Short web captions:
──────────────────────────────

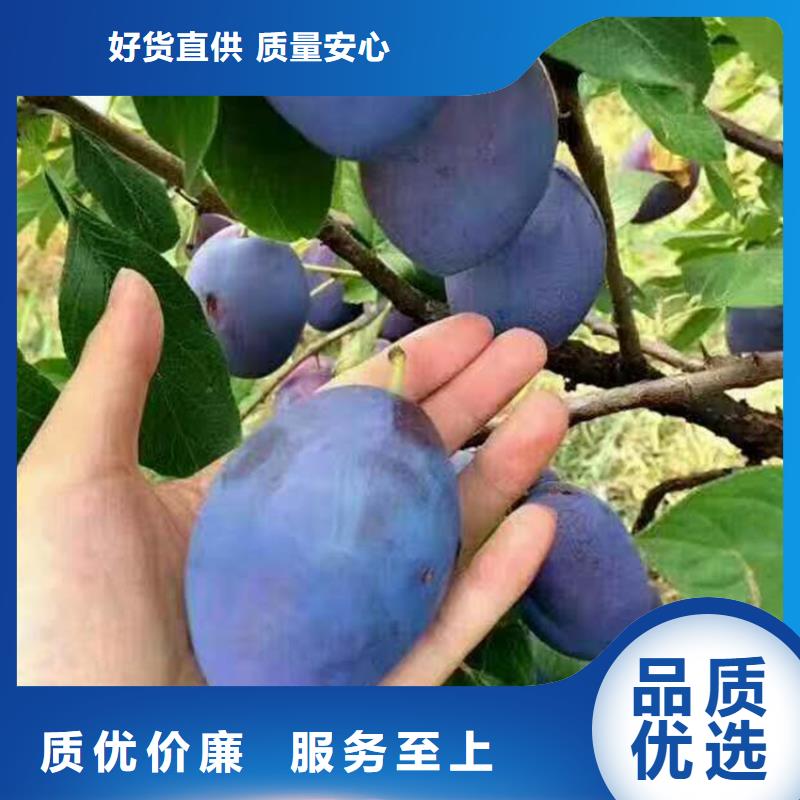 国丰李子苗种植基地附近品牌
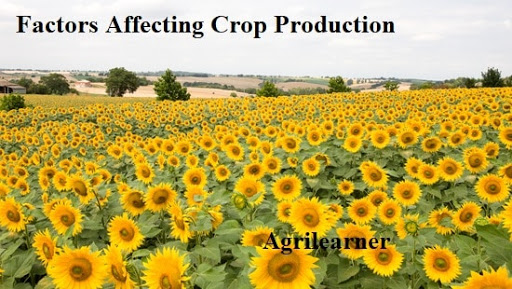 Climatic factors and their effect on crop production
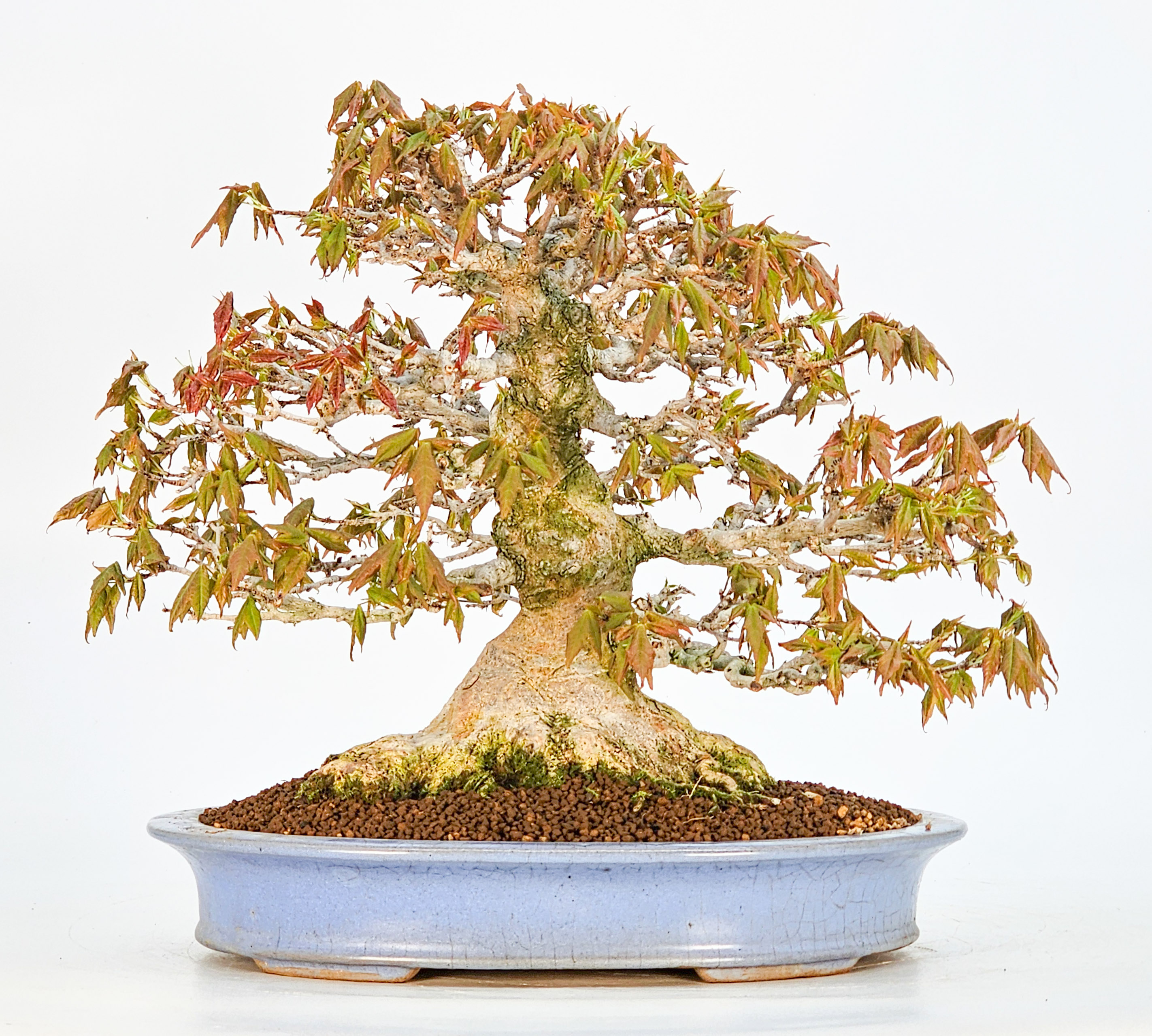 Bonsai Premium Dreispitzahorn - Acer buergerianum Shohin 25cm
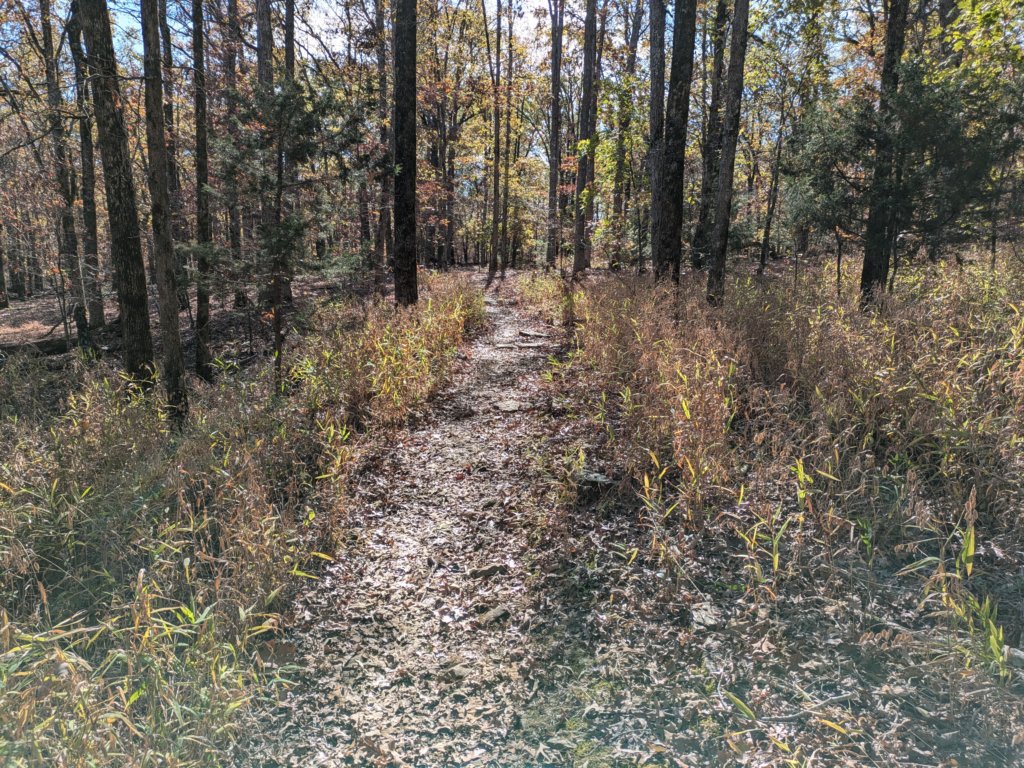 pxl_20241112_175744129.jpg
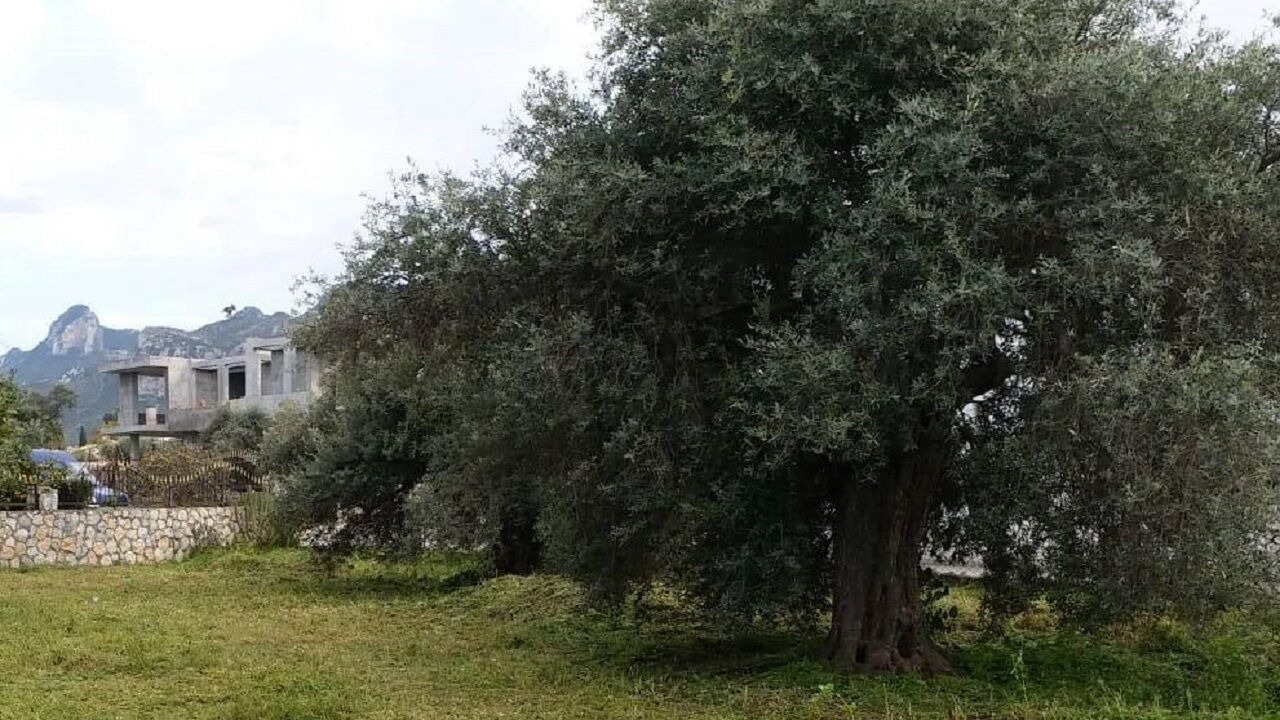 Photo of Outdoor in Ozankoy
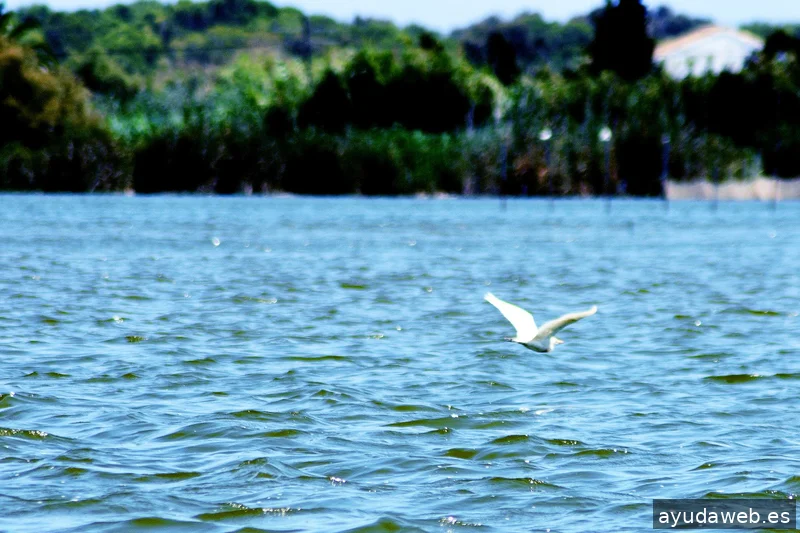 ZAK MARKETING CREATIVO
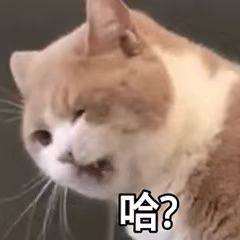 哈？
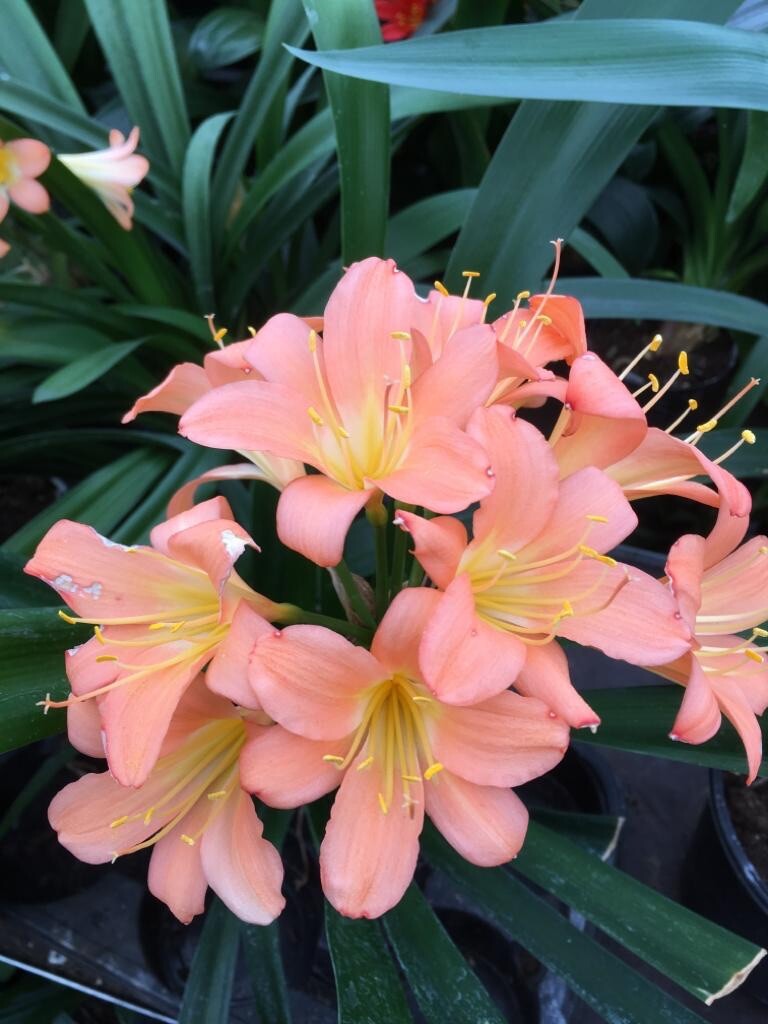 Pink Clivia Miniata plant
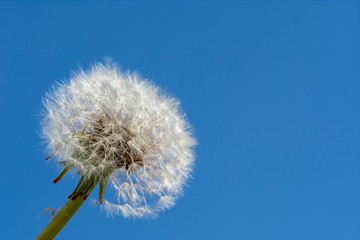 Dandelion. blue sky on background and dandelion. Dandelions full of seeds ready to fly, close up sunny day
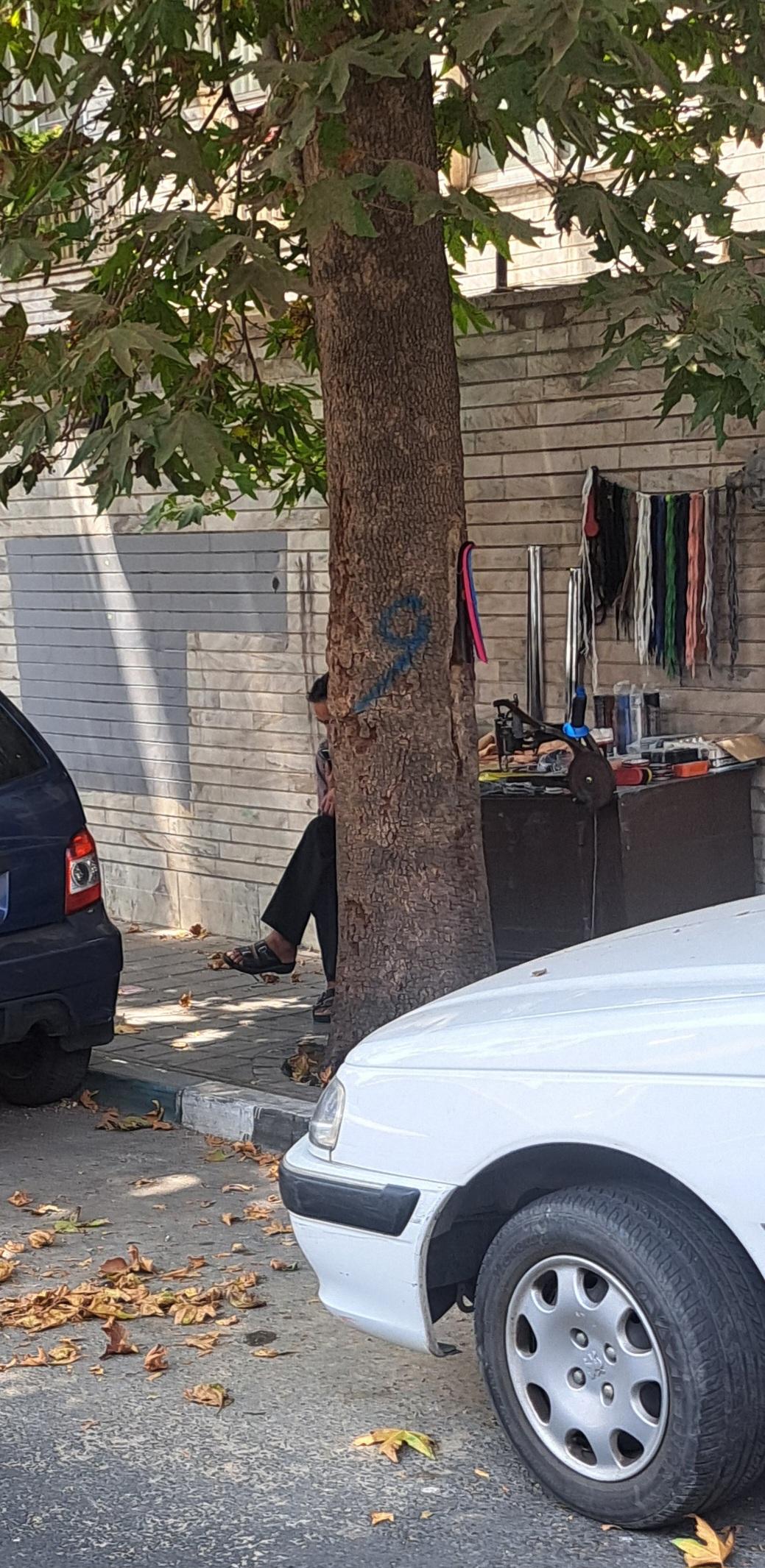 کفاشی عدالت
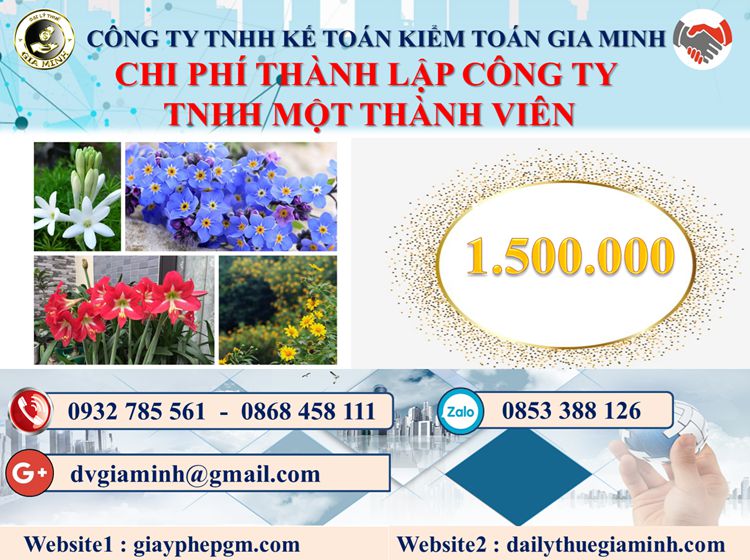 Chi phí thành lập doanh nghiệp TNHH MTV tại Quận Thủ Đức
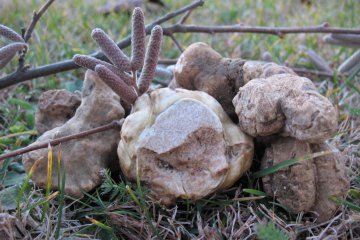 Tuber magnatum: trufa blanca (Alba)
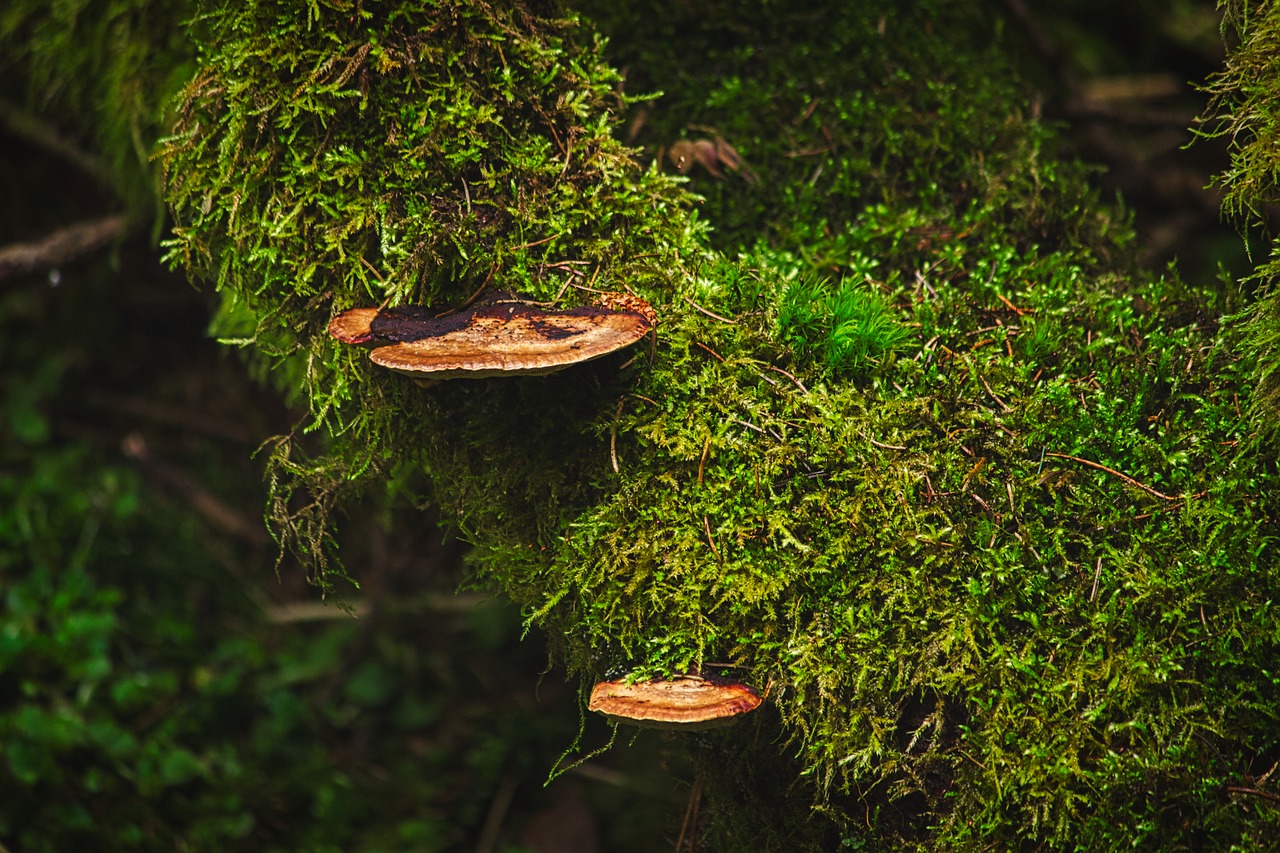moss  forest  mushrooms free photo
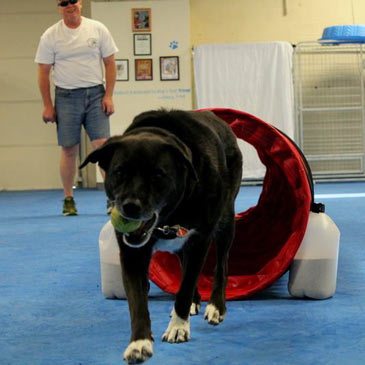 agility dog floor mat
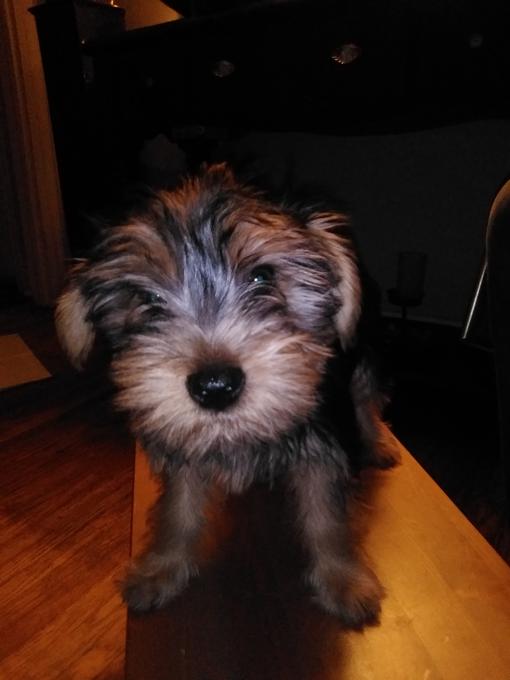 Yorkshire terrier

──────────────────────────────

- _Your assignment_
The entries above are to be repeated in full, except for their pictures.

- _Solution for this task_
 国丰李子苗种植基地附近品牌
 Climatic factors and their effect on crop production
 Bonsai Premium Dreispitzahorn - Acer buergerianum Shohin 25cm
 pxl_20241112_175744129.jpg
 Photo of Outdoor in Ozankoy
 ZAK MARKETING CREATIVO
 哈？
 Pink Clivia Miniata plant
 Dandelion. blue sky on background and dandelion. Dandelions full of seeds ready to fly, close up sunny day
 کفاشی عدالت
 Chi phí thành lập doanh nghiệp TNHH MTV tại Quận Thủ Đức
 Tuber magnatum: trufa blanca (Alba)
moss  forest  mushrooms free photo
 agility dog floor mat
 Yorkshire terrier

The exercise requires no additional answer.